We should remember that in AA we are all equal, we are all human, and we all deserve grace. There must be charity for mistakes not only for others but for ourselves as well.

I would be remiss to not mention a few of the other ways Right of Decision can be implemented at all levels of service.

  • How we choose to provide our reports, what we choose to put in our reports, how we choose to present our reports are all Right of Decision. The presenters today were given a PowerPoint template and asked to use it for our presentations and provided a topic. It was my choice to use graphics and color. I got to decide what information to share on the topic.
  • The budget – We loosely have right of decide how we spend our budget. For area officers and committees chairs we are provided general guidelines and a few hard nos. However, I can choose to be prudent and thoughtful with the fellowship’s money. If I choose to neglect my budget – Trust, the collective conscience can decide at minimum to have “a talk” with me and/or to decline an increase to my budget for poor stewardship.
  • How we facilitate meetings or workshops – all Right of Decision. What is truly beautiful about our society is that we leave room for growth. Service is another way we learn to ask for help, take action, and be accountable.

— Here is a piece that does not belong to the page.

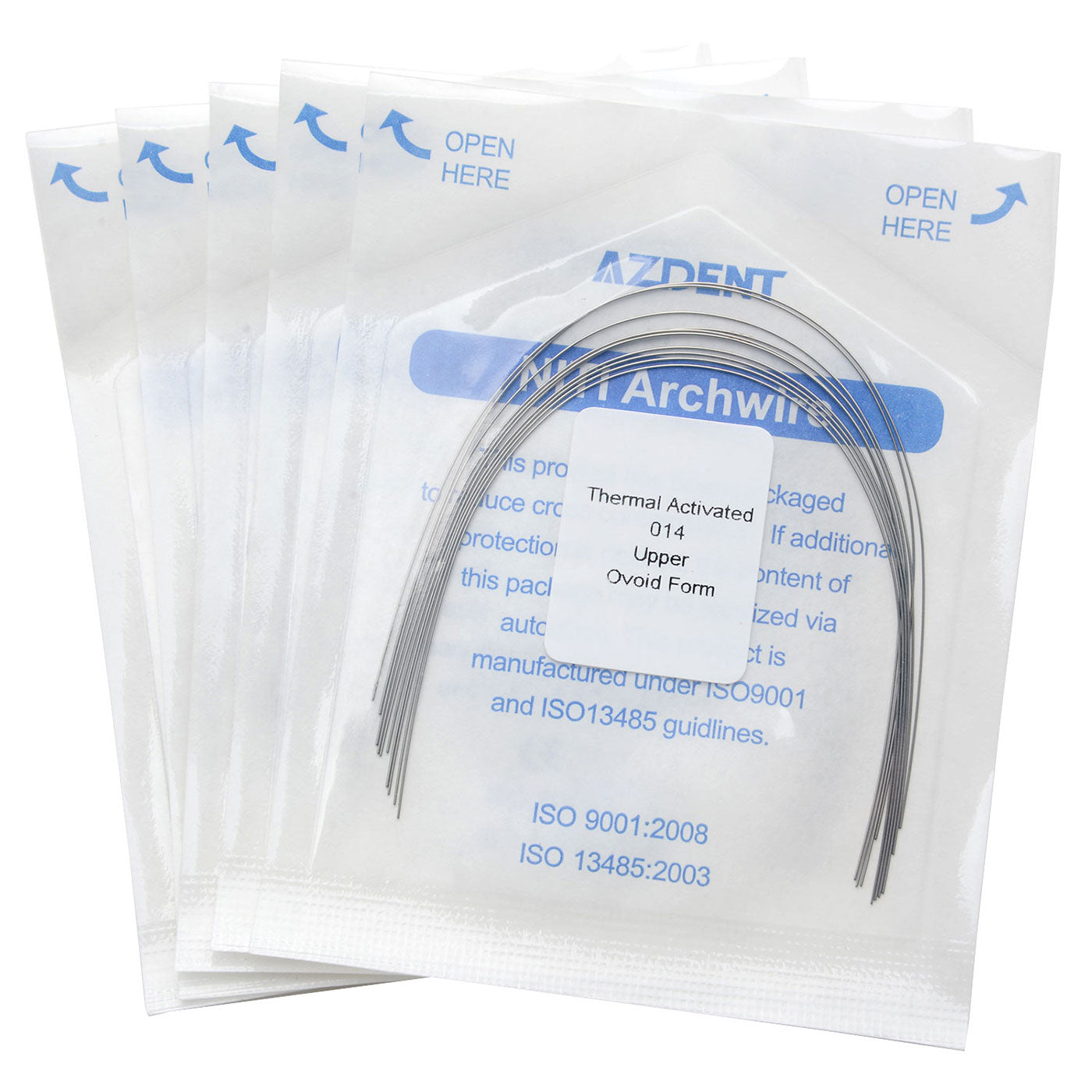 AZDENT Thermal Active NiTi Arch Wire Ovoid Form Round 0.014 Upper 10pcs/Pack - azdentall.com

  • As a trusted servant I have authority equal to my responsibilities, Concept 10. Nowhere does it say I have to do it by myself – In fact we pride ourselves on the first Step and the word “We”. Together we make the magic happen. But if it falls under my responsibility, I need to ensure it happens – It does not mean I cannot ask someone else to execute.

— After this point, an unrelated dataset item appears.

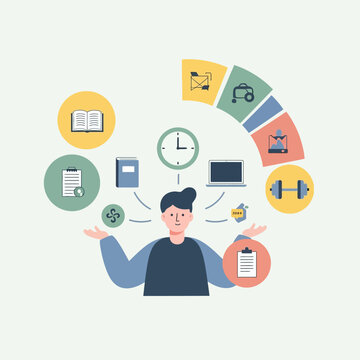 Man Juggling Tasks and Responsibilities Illustration.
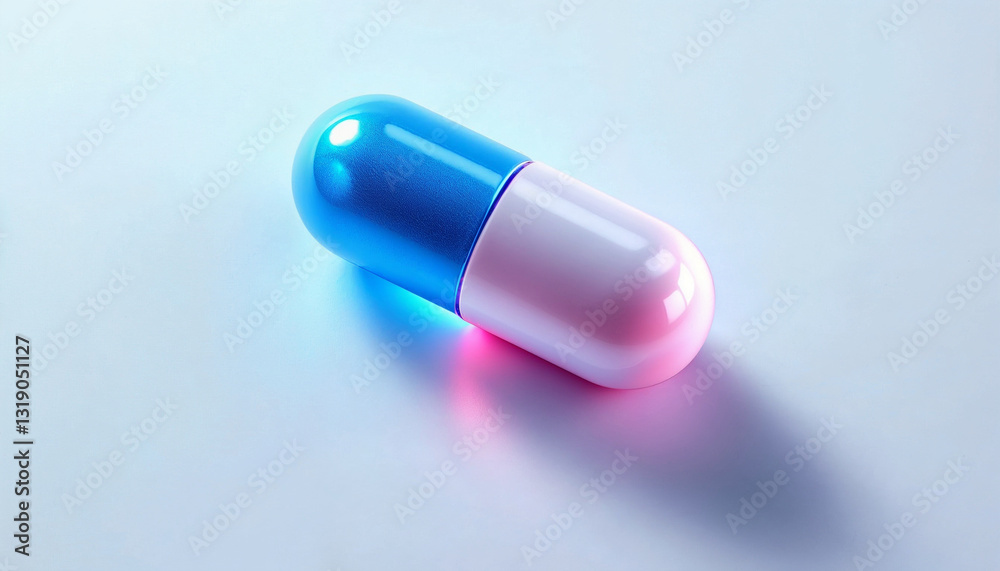 A digital rendering of a capsule pill, featuring a glossy, two-tone design with a blue top and a white bottom A digital rendering of a capsule pill, featuring a glossy, two-tone design with a blue top and a white bottom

  • We are all visionaries – We all have varying talents. We can decide how we put it all into action. Some people are big picture people, some are detail oriented but lack creativity to make it visually or auditorily pleasing. Additionally, we can decide that an idea or previous ways of doing a task is not the direction we want to go. We build upon the success and failures of those who had the position prior to us. There is freedom in the Right of Decision.
  • Lastly, we can decide what type of leader we want to be. Do we want to boss people or inspire people, do we want to do everything ourselves or allow others the opportunity to serve. We all lead to one path, or another Ask yourself are you inspiring people to serve or are you pushing them away.

We started our discussion of Concept 3 stating that Trust is the guiding principle. Bill ends concept 3 with this. “Our entire AA program rest squarely upon the principle of mutual trust. We Trust God, We Trust AA, We Trust Each Other. Therefore, we cannot do less than trust our leaders in service.”